A. Family Background
- Lu Buwei was said to be the real father of Shi Huangdi. King
Zhuangxiang (Zichu) felt indebted to Lu Buwei because if not for the
latter, he would not be a king. They became friends, and one day Zichu
saw Lu Buweis favorite concubine, and asked for her as a wife. Lu
Buwei agreed eventhough she was already pregnant by him. They
concealed the pregnancy, and when she bore a son, King Zhuangxiang
believed it was his and named him Zhao Zheng.
B. Condition of China during his reign
- Shi Huangdi moved harshly against critics. He jailed, tortured, and
killed many who opposed his rule. Hardest hit were the feudal nobles
and Confucian scholars who despised his laws. To end dissent, Shi
Huangdi approved a ruthless campaign of book burning, ordering the
destruction of all works of literature and philosophy. Only books on
medicine and agriculture were spared.
C. Belief
- Shi Huangdi hated if anyone mentioned anything about death. He
became obsessed with imortality. He sent his ministers to the four
corners of the empire to discover the secrets of immortality.
V. Problems of the Qin Dynasty
- Shi Huangdi moved harshly against critics. He jailed tortured and
killed many who opposed his rule. Many of them were feudal nobles
and confucian scholars who despised his laws. He approved campaign
of book burning, ordering the destruction of all works of literature and
philosophy. Only books on medicine and agriculture were spared.

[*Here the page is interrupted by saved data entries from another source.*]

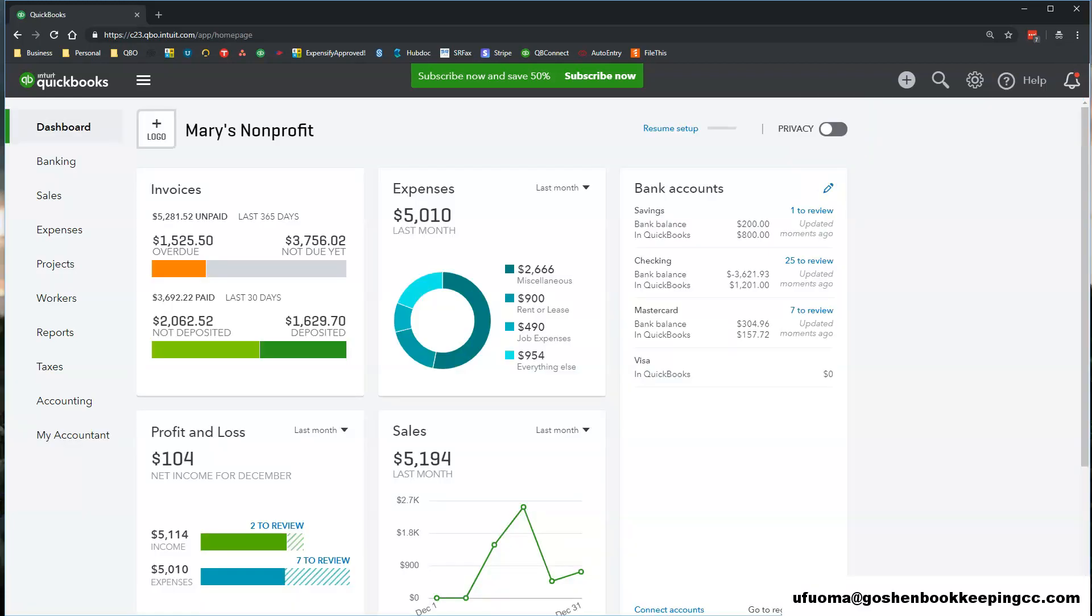That is a quick overview of how to navigate your QuickBooks Online company file. Watch my next video to see how to customize your account and settings in QuickBooks Online. Thank you.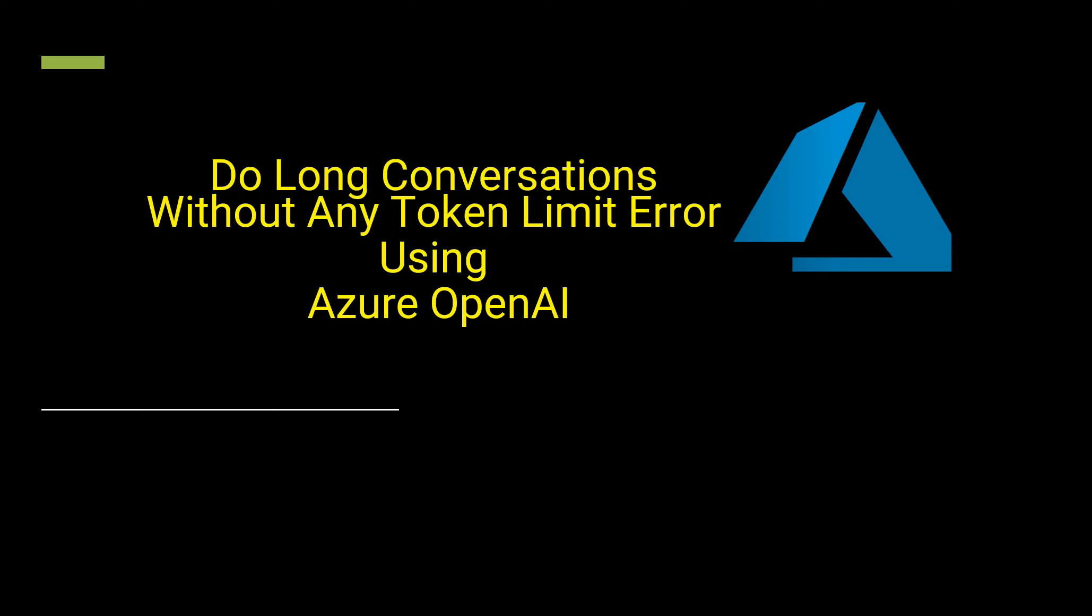Hello everyone, if you are building conversational apps then definitely you must have come across this token limit error. In this video I'm going to talk about how we can overcome this token limit using Azure OpenAI. The reason why we get this error is because whenever we send any request to OpenAI endpoints, the request and response combined is how the token limit is calculated.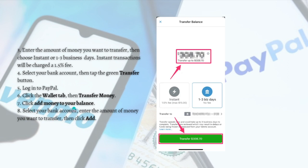Next, log into PayPal and click the 'Wallet' tab, then 'Transfer Money,' and click 'Add Money to Your Balance.' Select your bank account, enter the amount of money you want to transfer, and click 'Add.' After doing all those steps you should be able to transfer money from your Venmo to your PayPal.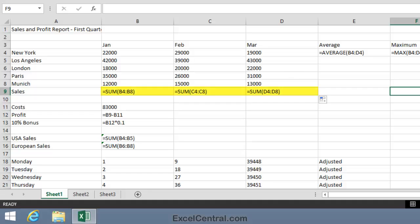So every time we move a column to the right, the letter part of the formula needs to be incremented. And that's exactly what Autofill will do. It will change B to C and then to D as you move across one column and one more column. Let's see that in action now by going back to Normal View.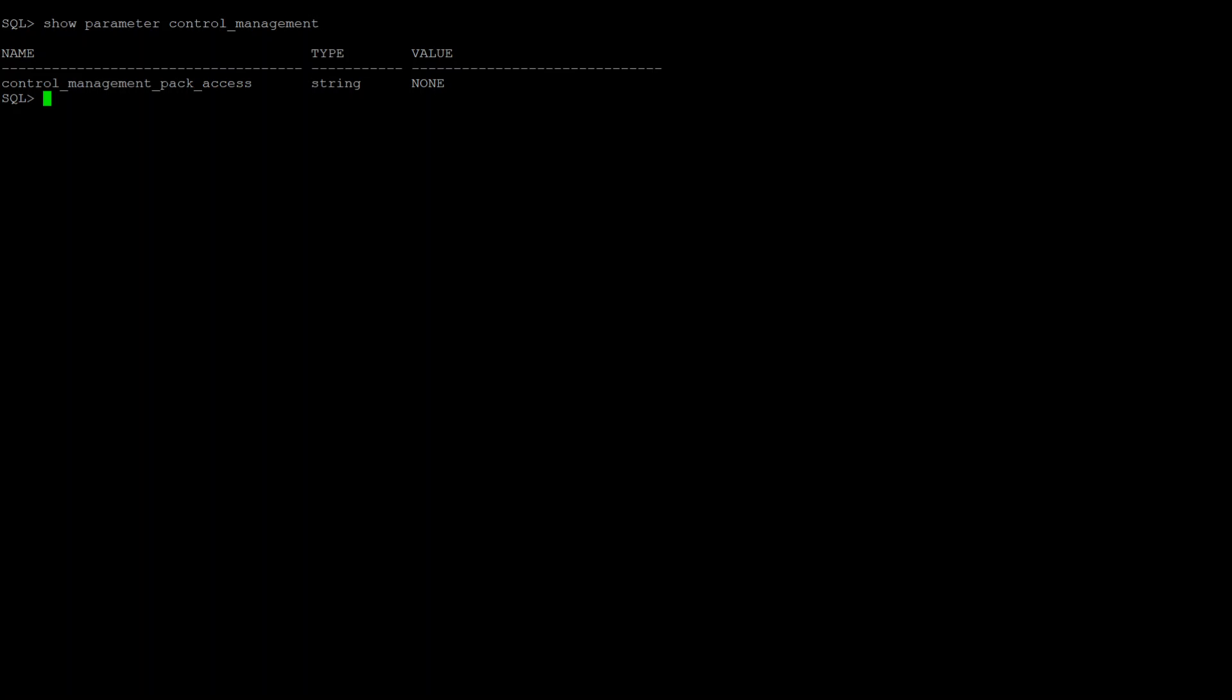Oracle diagnostic pack includes AWR, ADDM, and a lot of other things, whereas tuning pack includes SQL Tuning Advisor, SQL Access Advisor, and a few other things.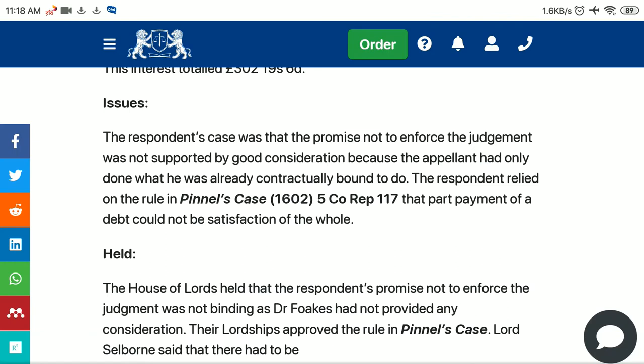The issue of the case was that the respondent's case was that the promise not to enforce the judgment wasn't supported by good consideration, because the appellant had only done what he was already contractually bound to do. The respondent relied on the rule in Pinnel's Case, decided in 1602, that part payment of a debt couldn't be satisfaction of the whole.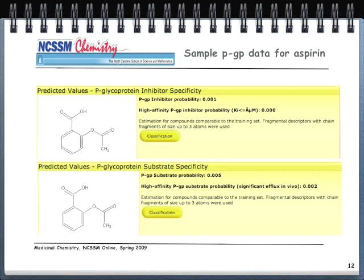Here's sample PGP data for aspirin from the ADME web boxes page. The probability that PGP inhibits transport of aspirin is very low — the probability that PGP helps the drug get transported is also low, at 0.005. We can measure a drug's ability to be transported through a membrane or be prevented from transport. We'll discuss this data in more detail when we cover pharmacokinetics.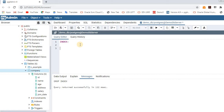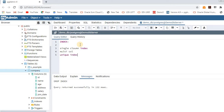Now let's start creating indexes. Indexes are mainly created on tables — on whichever column you want. There are multiple types of indexes: single column indexes, multi-column indexes, and unique indexes. We will see each one by one with examples — how to create them, when to use them, and how to drop them.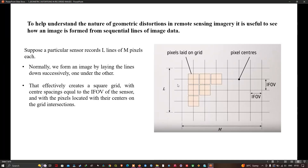It helps to look carefully at how an image is built up from recorded pixels. The diagram shows a group of pixel or grid centers, spaced apart by the IFOV — instantaneous field of view — of the sensor. In this case we have an array of five lines of five-meter pixels. A pixel is a sample of the earth's surface equivalent in size to the IFOV of the sensor. The sampling rate is arranged ideally so that when we form an image by laying down a record of pixels on the grid, the pixels join up with each other.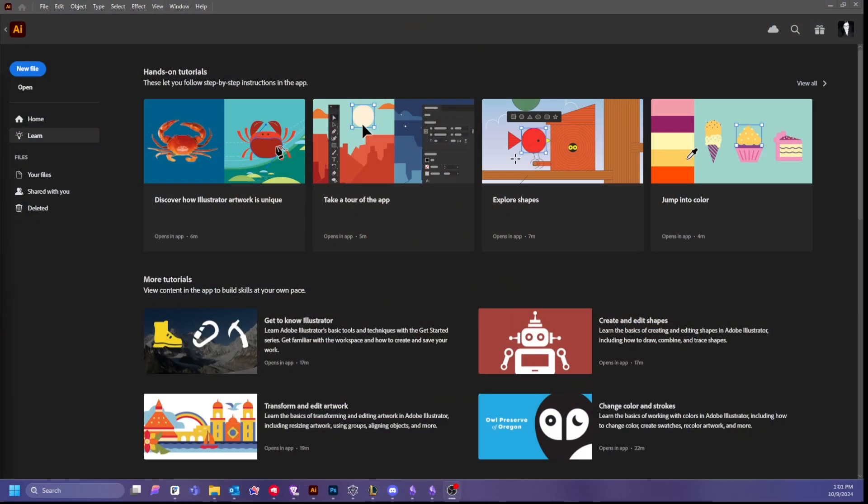Hey everyone, welcome back to my channel. In today's video we're going to design a stylish minimalistic business card for a cat cafe. I'm going to be using Adobe Illustrator and I'm going to walk you through the entire process. By the end you should have a card that's not only visually stunning but also perfect for your own projects. This tutorial is beginner friendly.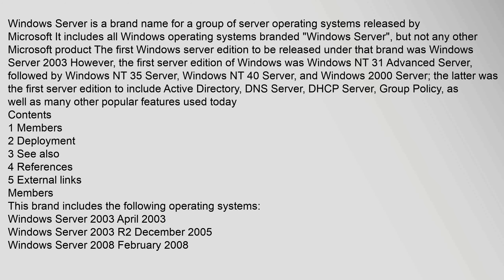Windows Server is a brand name for a group of server operating systems released by Microsoft. It includes all Windows operating systems branded Windows Server, but not any other Microsoft product. The first Windows Server edition released under that brand was Windows Server 2003.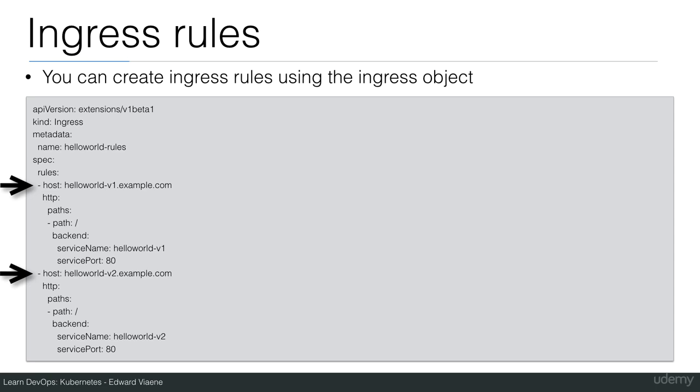These example.com hosts are non-existent, but you can configure your own domain name, your own host name. Or you can just work with paths and you can say slash v1 goes to my v1 application and slash v2 goes to my v2 application. That's also possible.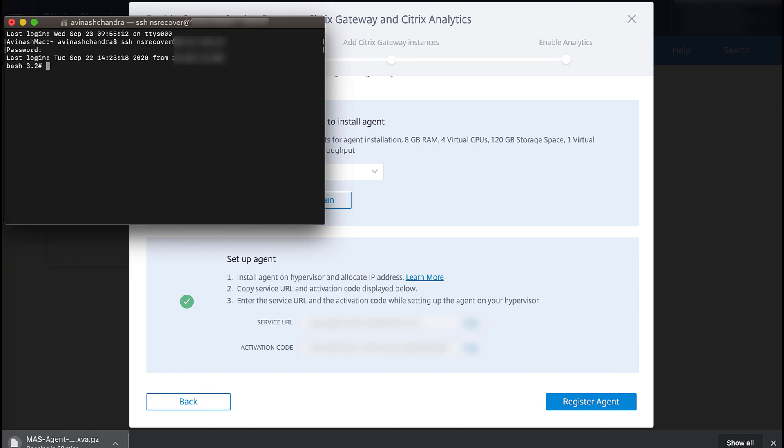Next, we'll navigate to the /MPS directory and run the deployment_type.py script as seen here.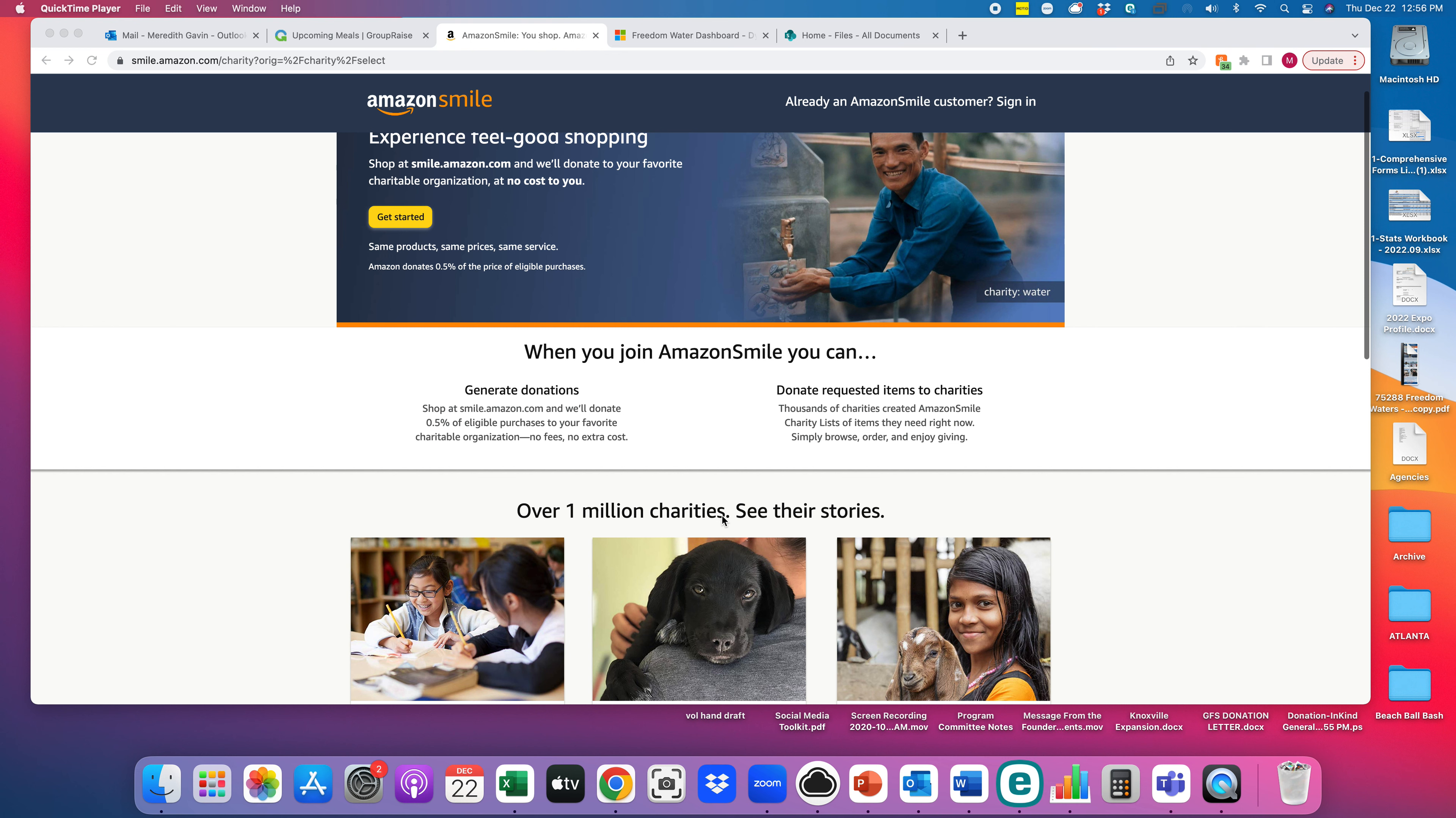A lot of us have Amazon, most of us have Amazon or Amazon Prime, and this is a way that you can help Freedom Waters Foundation receive some extra donations through Amazon by simply making your day-to-day purchases. So there's no extra fee to you, it costs you absolutely nothing.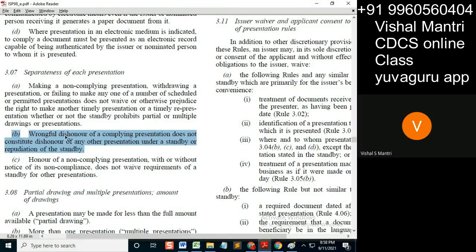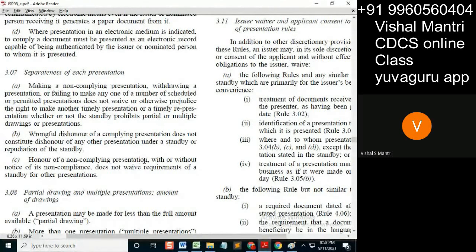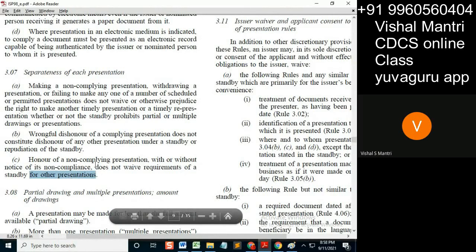The same logic applies in ISP and UCP. He does not consider dishonor of any presentation under the standby, or repudiation of the standby, as affecting any other presentation — and that presentation also — because it was wrongfully dishonored. Honor of a non-compliant presentation, with or without notice of non-compliance, does not waive the requirements of the standby for other presentations. Here, what does it mean?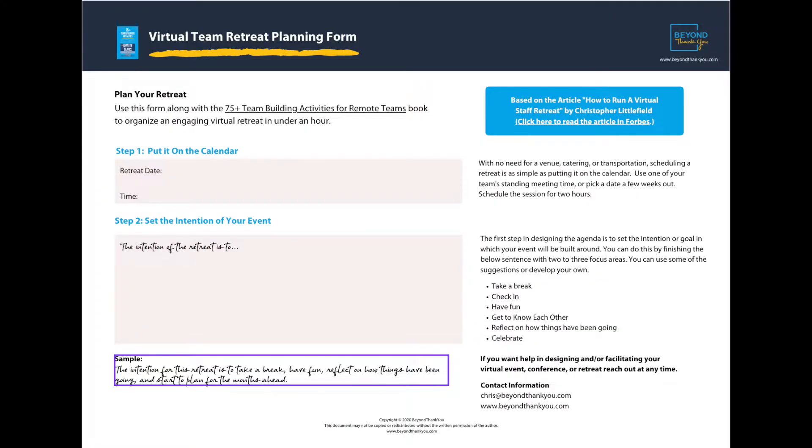Hi, I'm Chris Littlefield, and in this video I'm going to walk you through a step-by-step process to design and facilitate a simple two to three hour virtual or in-person team retreat. I'm going to leave you with a downloadable form that's going to make your planning easy, and I'm going to show you how to do all of your preparation in under one hour.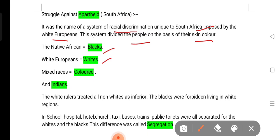The white rulers treated all non-whites as inferior. The white people — like Indians, Britishers in South Africa — the white rulers treated all non-whites as inferior people. That means these people did not treat them well.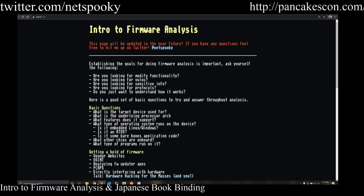Firmware comes in a lot of shapes and sizes. A lot of things run firmware — everything from your phone to your smart fridge, embedded devices around the house, your router — pretty much anything that has some way to be controlled digitally will likely have some sort of firmware. Whether or not it can be updated or extracted, or the ease of doing that, is a different story.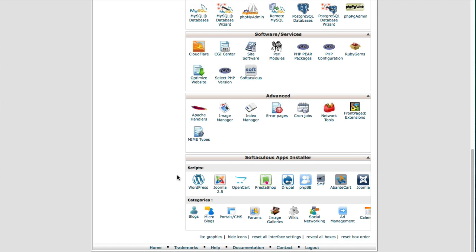What Softaculous is, is it's a platform that a host can choose to put on their servers that facilitates easily installing different software like WordPress on your web hosting account. It'll create the database for you, the users and all that. So whereas WordPress manual install there's several steps and it gets a little technical, if you have Softaculous available it's really simple and you can do it in about a minute or two.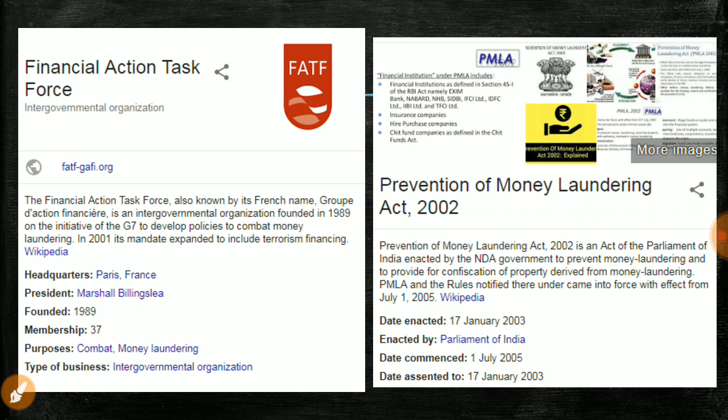In India, we have the Prevention of Money Laundering Act of 2002, effective from 2005. It addresses benami transactions — property purchases made under a driver's or relative's name using illegal money. If monitored and caught, the government will seize all property, and even if you pay a fine, it will be higher than the amount you laundered.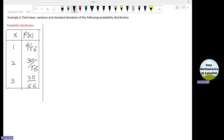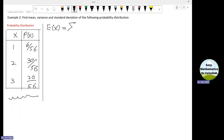In this example, we find the mean, variance, and standard deviation of the probability distribution obtained in the previous example. E(x), which is also called the mean, is equal to the summation of x_i times P(x_i), where i is from 1 to n. In this case, i is from 1 to 3, because there are only three values of the random variable.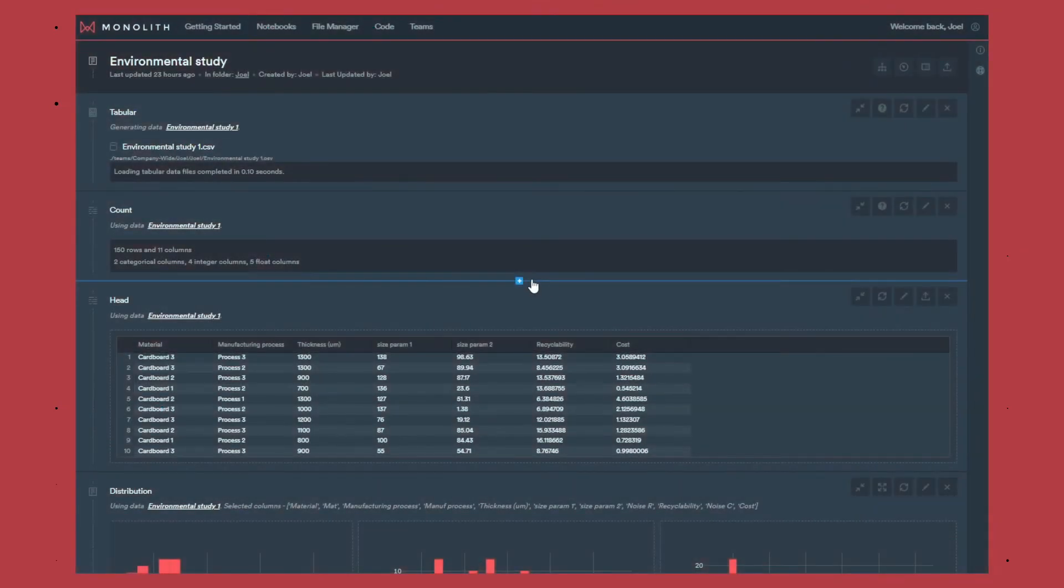In this environmental study we look at the impact of the design of packaging on the cost and the recyclability of this package.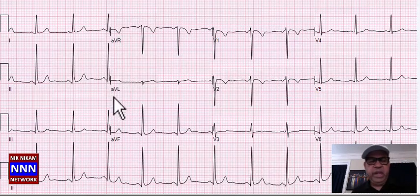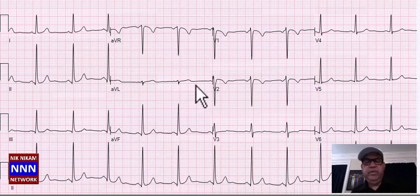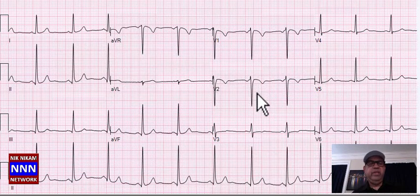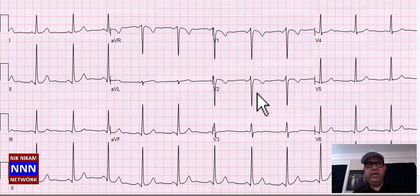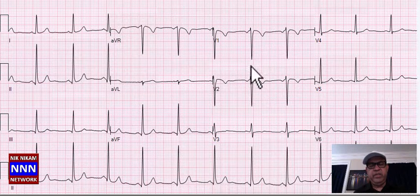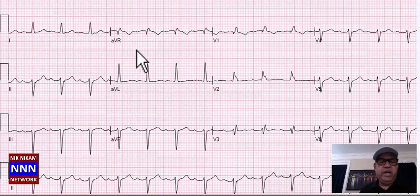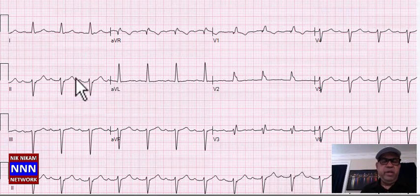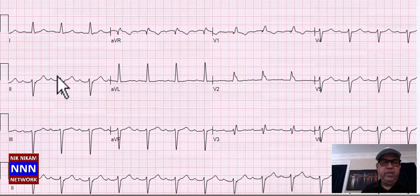Again we have sinus rhythm with T-wave inversions in the anterior leads, but since this is a 34-year-old female, this may be normal findings. Nothing really significant to suggest anything pathological.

- Hundreds of thousands of laborers suffered through harsh conditions,
especially when he built the great wall.
VI. The fall of the Qin Dynasty
- When Shi Huangdi died in 210 BC, anger over heavy taxes, forced
labor, and cruel policies exploded into revolts.
A. The Rise of the Han Dynasty.
a. As Qin power collapsed, Liu Bang, an illiterate peasant leader,
defeated rival armies and founded a new Han Dynasty. He
claimed that his power was based on the mandate of Heaven.